Hemen belirtmek gerekir ki, özellikle; 3194 sayılı İmar Kanunu düzenlemeleri kamu düzenine ilişkin bulunduğundan kazanılmış hak olgusundan bahsedilemez.
Ayrıca, Seyhan Belediyesince yapılan 42 nolu imar düzenlemesinin çekişme konusu alanla ilgili olarak halen geçerliliğini koruduğu, anılan 42 nolu imar düzenlemesi ile ilgili idari yargıda dava açılarak işlem iptal ettirilmedikçe eldeki davanın dinlenme olanağının bulunmadığı da gözetilerek mahkemece davanın reddine karar verilmiş olması bu sebeple de doğru olduğuna göre, işin esası bakımından Daire kararında bir isabetsizlik yoktur.

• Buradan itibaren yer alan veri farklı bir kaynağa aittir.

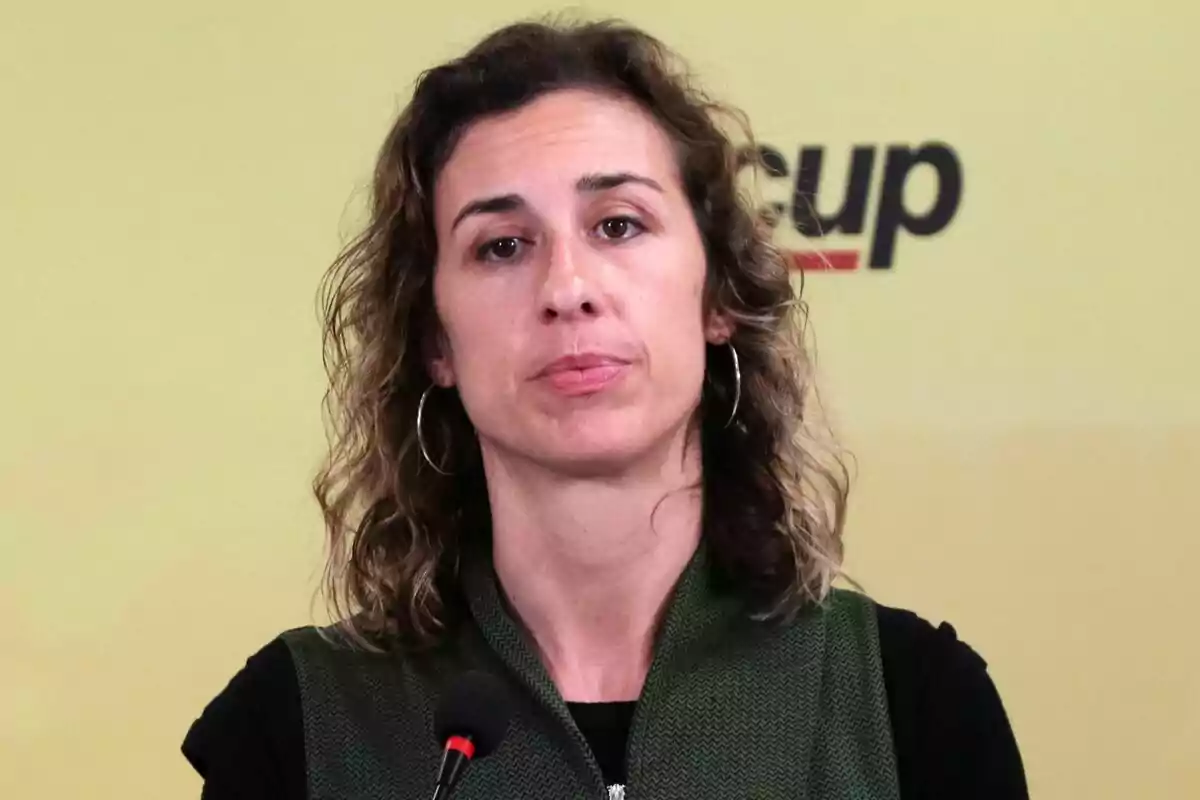 Laia Estrada hablando frente a un micrófono con un fondo amarillo y el logo de "cup" parcialmente visible.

Ancak, taraflar arasında mülkiyet ihtilafı bulunmayıp, davadaki istek kamusal tasarruftan kaynaklanan sicil kaydının düzeltilmesine ilişkin bulunduğundan, hüküm altına alınması gerekli karar ilam harcı ve avukatlık ücretinin maktu olması gerektiğinin düşünülmemesi doğru değildir.